ここは1328年から1783年までクリミア汗国の首都で、1475年からオットマン・トルコに臣従していた。15世紀半ば同汗国は分裂し、政争をくり返したのち、ギレイHadji-Devlet-Girayがクリミア汗国の王となり、ギレイ王朝は350年間続き、48人の王を輩出した。ギレイ王は在所をバフチサライ東南のクルク=オルKyrk-Or(現Čufut-Kale)としたが、息子のMengli-Girayは、その近くにアシュラマ宮殿を建てた。16世紀初頭から世紀末まで、チュルク=スChuruku-Su河畔の渓谷に王の宮殿が建てられはじめた。ここの宮殿は1519年にサライ王Khan Saraiが、ペルシャ、オットマン、イタリア人建築家の指導のもと、ロシアとウクライナの奴隷を使い建てさせた。

これらの宮殿は対トルコ戦争さ中の1736年、ミニヒMinich将軍の軍隊に焼払われ、庭園も壊された。その後、女帝エカテリーナ二世(1729~62在位~96)の命をうけ、ポチョムキン(1839~91)指導のもと、以前より立派に再建され、クリミアがロシアに編入されて以降も、ツァーリの意向で修復が続けられた。1787年にはエカテリーナ二世の行啓を仰いでいる(宮殿入口前に石灯篭のような記念碑)。第二次世界大戦まで36のモスクがあった。

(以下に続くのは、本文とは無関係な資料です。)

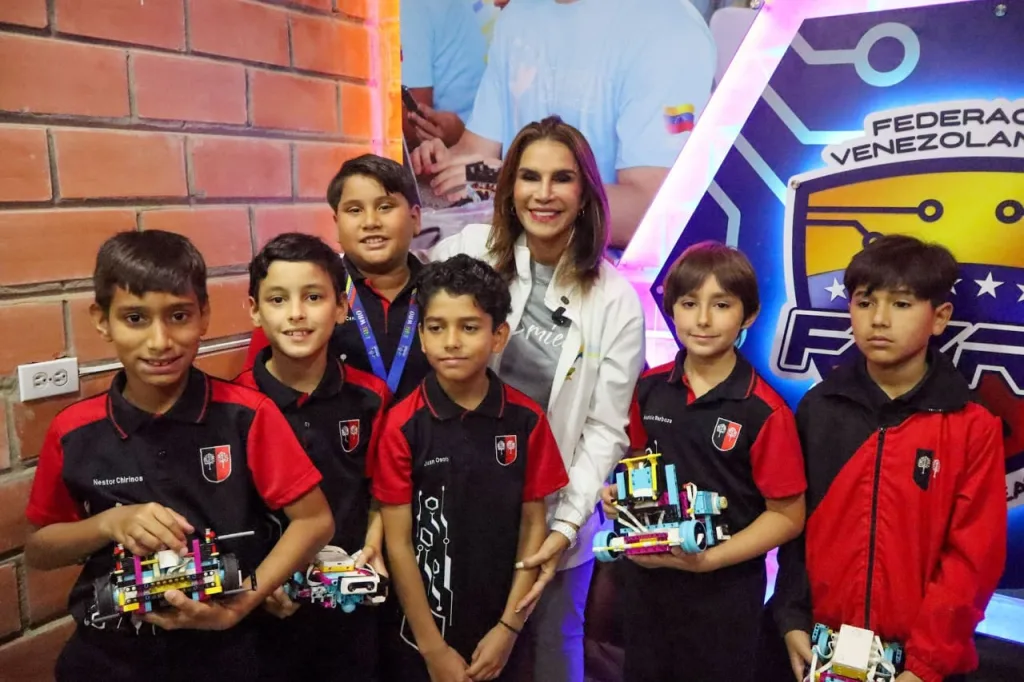 Cuatro equipos de Maracaibo avanzan a la final mundial de robótica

本格的な再建は1960年代になってからである。


バフチサライ入口
2008年8月この地を訪れてみた。オデッサから長路バスでクリミア共和国に入り、首都シンフェローポリ(人口約36万)に着く。1930年代半ば、モスクワ駐在武官だった西村敏雄少佐(1898~1956)が、この地の連隊に配属されていた折、演習の帰途バフチサライを逍遙していると、満月がドームの上にかかり、美しさに郷愁をそそられた。「いい眺めだ」と轡を並べ駒を進めていた、連絡将校の中尉に話しかけると、「あの月を電燈にしたら何燭光になるでしょう」とヤボな答えが返ってきた。ある日、帰宅すると家の前で、50がらみの女乞食が、彼の捨てた牛缶を集め、川の水を流しこみ、塩をいれ焚火にかけ食べていた。家に招き入れ缶詰の肉を食べさせてやると、彼女は身の上話をはじめた。一家は村一番の豪農だったが、田畑をコルホーズに没収され、夫は当局に反抗したため流刑地に送られたという。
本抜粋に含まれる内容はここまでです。